Directions: The first line of the entries below, the line containing "Studio Apartman Milica", and every line between them should be repeated exactly, and nothing else.

(Data extracted from a collection)
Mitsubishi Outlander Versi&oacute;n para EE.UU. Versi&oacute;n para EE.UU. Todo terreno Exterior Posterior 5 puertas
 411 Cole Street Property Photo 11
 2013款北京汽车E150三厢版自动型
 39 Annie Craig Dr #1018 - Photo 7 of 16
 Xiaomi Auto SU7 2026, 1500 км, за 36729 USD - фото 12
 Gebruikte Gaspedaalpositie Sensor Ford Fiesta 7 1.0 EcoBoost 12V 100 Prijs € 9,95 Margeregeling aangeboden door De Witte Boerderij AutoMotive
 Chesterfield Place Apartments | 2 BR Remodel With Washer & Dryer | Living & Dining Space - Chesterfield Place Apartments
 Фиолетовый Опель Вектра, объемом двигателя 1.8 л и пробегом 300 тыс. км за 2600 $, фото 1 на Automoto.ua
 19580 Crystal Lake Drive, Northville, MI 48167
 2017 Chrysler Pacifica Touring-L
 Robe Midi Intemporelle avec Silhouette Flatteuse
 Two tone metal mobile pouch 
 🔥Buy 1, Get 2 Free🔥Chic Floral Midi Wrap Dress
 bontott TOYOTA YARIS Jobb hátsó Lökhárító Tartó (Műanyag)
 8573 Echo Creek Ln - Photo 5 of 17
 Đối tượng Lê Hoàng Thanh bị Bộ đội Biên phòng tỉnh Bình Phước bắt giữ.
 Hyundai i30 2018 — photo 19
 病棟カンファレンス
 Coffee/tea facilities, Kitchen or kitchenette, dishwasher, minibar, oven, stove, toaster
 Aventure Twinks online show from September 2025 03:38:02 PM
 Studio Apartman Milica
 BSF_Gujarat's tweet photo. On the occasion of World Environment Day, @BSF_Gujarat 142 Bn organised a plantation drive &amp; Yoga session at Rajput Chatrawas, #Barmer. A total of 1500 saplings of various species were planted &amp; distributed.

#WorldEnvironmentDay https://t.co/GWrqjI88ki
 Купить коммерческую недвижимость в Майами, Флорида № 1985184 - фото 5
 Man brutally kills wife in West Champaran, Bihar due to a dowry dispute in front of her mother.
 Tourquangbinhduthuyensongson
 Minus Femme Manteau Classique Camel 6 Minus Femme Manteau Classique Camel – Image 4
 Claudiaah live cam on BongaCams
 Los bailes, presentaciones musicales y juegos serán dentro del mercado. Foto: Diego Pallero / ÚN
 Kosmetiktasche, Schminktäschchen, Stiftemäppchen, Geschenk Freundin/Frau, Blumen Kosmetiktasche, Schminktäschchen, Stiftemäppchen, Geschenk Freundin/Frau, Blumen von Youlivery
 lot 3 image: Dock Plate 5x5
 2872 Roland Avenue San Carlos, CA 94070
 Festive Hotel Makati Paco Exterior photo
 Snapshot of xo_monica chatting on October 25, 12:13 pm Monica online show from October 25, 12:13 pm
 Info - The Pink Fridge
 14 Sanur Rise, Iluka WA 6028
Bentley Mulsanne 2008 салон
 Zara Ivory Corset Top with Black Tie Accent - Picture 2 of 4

Your solution:
Mitsubishi Outlander Versi&oacute;n para EE.UU. Versi&oacute;n para EE.UU. Todo terreno Exterior Posterior 5 puertas
 411 Cole Street Property Photo 11
 2013款北京汽车E150三厢版自动型
 39 Annie Craig Dr #1018 - Photo 7 of 16
 Xiaomi Auto SU7 2026, 1500 км, за 36729 USD - фото 12
 Gebruikte Gaspedaalpositie Sensor Ford Fiesta 7 1.0 EcoBoost 12V 100 Prijs € 9,95 Margeregeling aangeboden door De Witte Boerderij AutoMotive
 Chesterfield Place Apartments | 2 BR Remodel With Washer & Dryer | Living & Dining Space - Chesterfield Place Apartments
 Фиолетовый Опель Вектра, объемом двигателя 1.8 л и пробегом 300 тыс. км за 2600 $, фото 1 на Automoto.ua
 19580 Crystal Lake Drive, Northville, MI 48167
 2017 Chrysler Pacifica Touring-L
 Robe Midi Intemporelle avec Silhouette Flatteuse
 Two tone metal mobile pouch 
 🔥Buy 1, Get 2 Free🔥Chic Floral Midi Wrap Dress
 bontott TOYOTA YARIS Jobb hátsó Lökhárító Tartó (Műanyag)
 8573 Echo Creek Ln - Photo 5 of 17
 Đối tượng Lê Hoàng Thanh bị Bộ đội Biên phòng tỉnh Bình Phước bắt giữ.
 Hyundai i30 2018 — photo 19
 病棟カンファレンス
 Coffee/tea facilities, Kitchen or kitchenette, dishwasher, minibar, oven, stove, toaster
 Aventure Twinks online show from September 2025 03:38:02 PM
 Studio Apartman Milica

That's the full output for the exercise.